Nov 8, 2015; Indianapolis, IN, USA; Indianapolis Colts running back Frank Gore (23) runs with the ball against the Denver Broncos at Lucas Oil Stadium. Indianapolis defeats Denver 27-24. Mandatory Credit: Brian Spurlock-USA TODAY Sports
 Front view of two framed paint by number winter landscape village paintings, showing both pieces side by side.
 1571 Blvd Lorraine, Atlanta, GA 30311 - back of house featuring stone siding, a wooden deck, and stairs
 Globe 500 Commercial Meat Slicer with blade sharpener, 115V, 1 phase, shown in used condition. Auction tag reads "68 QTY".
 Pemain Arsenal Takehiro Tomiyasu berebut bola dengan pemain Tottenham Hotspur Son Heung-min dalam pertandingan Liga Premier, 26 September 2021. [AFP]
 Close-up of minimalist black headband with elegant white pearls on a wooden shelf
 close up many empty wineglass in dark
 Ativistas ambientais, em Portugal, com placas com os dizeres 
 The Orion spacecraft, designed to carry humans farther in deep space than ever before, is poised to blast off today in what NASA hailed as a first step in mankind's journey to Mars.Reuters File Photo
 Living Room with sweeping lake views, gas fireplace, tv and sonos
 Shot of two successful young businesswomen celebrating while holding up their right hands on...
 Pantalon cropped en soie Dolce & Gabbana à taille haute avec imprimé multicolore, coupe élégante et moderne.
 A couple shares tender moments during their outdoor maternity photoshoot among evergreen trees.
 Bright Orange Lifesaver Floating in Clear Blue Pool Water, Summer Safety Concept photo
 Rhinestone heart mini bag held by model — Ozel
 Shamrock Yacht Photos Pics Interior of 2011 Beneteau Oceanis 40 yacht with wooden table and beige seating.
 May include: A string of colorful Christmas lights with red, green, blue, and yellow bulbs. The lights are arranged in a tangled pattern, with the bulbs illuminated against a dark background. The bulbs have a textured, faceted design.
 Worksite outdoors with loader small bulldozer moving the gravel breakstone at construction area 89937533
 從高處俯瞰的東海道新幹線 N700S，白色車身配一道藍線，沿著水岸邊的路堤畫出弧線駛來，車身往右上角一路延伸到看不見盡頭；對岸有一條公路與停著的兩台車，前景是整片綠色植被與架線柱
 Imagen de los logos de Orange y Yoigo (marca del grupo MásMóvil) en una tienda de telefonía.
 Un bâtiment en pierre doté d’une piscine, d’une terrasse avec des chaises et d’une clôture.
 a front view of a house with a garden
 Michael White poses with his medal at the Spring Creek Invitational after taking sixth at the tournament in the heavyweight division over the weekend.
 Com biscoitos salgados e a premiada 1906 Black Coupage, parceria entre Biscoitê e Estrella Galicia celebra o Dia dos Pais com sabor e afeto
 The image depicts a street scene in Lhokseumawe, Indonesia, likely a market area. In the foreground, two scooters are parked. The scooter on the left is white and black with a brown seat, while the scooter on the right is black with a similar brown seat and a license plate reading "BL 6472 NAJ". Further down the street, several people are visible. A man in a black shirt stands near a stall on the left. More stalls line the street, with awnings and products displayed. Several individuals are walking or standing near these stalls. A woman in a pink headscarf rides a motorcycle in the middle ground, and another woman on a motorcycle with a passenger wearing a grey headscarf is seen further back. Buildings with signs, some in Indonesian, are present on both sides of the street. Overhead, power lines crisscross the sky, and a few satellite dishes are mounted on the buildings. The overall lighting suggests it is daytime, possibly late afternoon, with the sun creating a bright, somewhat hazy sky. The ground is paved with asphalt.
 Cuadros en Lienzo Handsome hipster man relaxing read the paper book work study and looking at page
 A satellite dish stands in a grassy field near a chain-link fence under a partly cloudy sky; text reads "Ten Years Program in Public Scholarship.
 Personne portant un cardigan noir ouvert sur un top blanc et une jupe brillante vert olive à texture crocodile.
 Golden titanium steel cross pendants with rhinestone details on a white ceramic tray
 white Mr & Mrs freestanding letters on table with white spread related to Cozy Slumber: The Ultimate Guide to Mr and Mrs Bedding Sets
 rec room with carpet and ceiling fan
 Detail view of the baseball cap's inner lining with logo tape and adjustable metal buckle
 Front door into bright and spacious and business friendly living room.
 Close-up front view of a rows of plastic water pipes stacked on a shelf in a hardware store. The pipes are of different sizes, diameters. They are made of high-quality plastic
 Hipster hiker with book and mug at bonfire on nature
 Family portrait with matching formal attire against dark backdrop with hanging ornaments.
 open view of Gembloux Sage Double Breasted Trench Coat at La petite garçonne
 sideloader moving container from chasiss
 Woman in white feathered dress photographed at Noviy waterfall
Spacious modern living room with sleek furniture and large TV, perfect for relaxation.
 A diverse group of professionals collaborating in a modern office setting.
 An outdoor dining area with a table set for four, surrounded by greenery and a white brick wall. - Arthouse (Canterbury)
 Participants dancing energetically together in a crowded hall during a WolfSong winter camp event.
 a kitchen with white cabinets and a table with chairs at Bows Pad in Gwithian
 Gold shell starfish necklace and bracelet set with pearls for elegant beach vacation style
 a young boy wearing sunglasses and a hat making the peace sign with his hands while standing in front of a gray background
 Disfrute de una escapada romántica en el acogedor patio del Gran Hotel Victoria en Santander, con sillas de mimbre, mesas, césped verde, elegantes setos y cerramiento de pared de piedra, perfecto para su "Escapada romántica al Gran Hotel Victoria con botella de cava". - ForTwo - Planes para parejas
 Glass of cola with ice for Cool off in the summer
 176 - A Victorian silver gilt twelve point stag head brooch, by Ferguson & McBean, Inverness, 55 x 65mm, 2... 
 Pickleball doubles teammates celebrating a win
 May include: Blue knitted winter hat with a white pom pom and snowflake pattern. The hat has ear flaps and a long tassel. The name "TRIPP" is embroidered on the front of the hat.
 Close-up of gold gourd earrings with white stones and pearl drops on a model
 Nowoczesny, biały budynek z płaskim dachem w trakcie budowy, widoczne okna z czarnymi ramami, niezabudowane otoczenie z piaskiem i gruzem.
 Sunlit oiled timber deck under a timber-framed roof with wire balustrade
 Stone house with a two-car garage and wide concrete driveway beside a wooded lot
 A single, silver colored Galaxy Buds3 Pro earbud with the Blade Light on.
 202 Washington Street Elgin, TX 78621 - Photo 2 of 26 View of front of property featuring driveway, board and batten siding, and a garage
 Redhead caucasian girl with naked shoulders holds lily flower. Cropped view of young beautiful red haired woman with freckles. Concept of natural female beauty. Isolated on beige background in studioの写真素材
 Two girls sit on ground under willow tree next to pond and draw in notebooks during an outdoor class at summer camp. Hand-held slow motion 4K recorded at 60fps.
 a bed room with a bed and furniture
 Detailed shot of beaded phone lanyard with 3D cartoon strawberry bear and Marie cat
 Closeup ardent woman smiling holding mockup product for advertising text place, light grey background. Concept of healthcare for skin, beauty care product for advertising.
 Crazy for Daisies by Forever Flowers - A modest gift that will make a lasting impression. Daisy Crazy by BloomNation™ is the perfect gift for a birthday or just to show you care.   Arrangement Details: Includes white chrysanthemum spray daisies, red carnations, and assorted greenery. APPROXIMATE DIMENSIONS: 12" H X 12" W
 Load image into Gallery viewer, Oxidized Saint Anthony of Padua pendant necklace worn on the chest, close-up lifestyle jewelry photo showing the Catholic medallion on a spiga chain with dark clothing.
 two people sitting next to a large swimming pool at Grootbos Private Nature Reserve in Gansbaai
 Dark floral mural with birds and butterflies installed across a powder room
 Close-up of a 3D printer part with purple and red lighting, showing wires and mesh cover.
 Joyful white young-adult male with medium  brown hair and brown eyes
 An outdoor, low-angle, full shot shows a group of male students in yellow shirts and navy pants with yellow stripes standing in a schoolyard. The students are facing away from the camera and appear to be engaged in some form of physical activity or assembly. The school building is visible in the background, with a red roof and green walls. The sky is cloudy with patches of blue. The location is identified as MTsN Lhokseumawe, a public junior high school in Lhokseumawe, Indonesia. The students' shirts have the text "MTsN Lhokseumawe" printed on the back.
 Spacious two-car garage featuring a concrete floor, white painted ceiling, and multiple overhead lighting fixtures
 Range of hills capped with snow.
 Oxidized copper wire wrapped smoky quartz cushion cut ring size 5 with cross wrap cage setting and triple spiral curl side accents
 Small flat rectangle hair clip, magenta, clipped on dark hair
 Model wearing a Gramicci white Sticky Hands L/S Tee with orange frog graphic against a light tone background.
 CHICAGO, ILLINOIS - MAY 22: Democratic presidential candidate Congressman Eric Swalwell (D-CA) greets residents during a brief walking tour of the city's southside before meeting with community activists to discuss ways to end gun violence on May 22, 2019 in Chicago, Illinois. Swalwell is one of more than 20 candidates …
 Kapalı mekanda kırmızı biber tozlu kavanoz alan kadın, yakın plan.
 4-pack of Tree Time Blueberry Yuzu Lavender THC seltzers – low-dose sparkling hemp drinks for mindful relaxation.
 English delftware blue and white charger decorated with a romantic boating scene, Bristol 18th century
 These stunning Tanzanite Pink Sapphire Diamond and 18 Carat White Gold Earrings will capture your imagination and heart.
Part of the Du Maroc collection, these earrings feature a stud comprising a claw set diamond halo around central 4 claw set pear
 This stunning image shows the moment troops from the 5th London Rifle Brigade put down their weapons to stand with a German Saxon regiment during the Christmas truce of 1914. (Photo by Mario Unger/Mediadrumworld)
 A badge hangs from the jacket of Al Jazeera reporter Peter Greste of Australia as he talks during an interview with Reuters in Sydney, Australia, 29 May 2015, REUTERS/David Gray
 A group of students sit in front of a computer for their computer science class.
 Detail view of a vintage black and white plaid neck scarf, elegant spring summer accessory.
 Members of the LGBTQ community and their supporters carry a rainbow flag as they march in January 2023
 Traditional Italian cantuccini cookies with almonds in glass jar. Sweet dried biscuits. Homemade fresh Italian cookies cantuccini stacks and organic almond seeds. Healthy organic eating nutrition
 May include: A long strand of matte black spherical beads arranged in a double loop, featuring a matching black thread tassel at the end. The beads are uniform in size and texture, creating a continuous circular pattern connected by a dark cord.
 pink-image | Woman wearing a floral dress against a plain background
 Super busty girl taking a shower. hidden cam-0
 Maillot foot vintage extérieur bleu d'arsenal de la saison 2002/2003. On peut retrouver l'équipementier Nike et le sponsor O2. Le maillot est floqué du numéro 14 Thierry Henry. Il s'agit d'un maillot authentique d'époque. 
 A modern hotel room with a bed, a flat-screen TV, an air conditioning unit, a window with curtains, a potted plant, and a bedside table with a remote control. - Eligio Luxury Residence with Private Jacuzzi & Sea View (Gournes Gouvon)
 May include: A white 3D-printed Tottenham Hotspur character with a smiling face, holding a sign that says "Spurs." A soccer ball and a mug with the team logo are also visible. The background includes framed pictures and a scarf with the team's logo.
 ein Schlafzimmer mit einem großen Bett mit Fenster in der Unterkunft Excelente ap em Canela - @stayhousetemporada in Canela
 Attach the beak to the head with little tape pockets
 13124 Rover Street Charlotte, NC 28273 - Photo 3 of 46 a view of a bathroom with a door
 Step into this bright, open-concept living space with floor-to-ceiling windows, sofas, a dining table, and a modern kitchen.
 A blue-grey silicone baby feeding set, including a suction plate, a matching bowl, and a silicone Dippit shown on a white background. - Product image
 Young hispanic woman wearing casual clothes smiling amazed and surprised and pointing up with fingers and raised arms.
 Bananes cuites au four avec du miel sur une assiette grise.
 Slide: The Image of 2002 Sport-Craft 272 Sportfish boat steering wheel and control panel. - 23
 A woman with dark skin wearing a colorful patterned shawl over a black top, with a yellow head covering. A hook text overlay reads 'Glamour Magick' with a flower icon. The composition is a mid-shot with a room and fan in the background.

---

Exercise objective: Look in the material above for the line with "176 - A Victorian" and the line with "Sunlit oiled timber", and transcribe exactly those lines and all lines between them, nothing more.

Answer section:
 176 - A Victorian silver gilt twelve point stag head brooch, by Ferguson & McBean, Inverness, 55 x 65mm, 2... 
 Pickleball doubles teammates celebrating a win
 May include: Blue knitted winter hat with a white pom pom and snowflake pattern. The hat has ear flaps and a long tassel. The name "TRIPP" is embroidered on the front of the hat.
 Close-up of gold gourd earrings with white stones and pearl drops on a model
 Nowoczesny, biały budynek z płaskim dachem w trakcie budowy, widoczne okna z czarnymi ramami, niezabudowane otoczenie z piaskiem i gruzem.
 Sunlit oiled timber deck under a timber-framed roof with wire balustrade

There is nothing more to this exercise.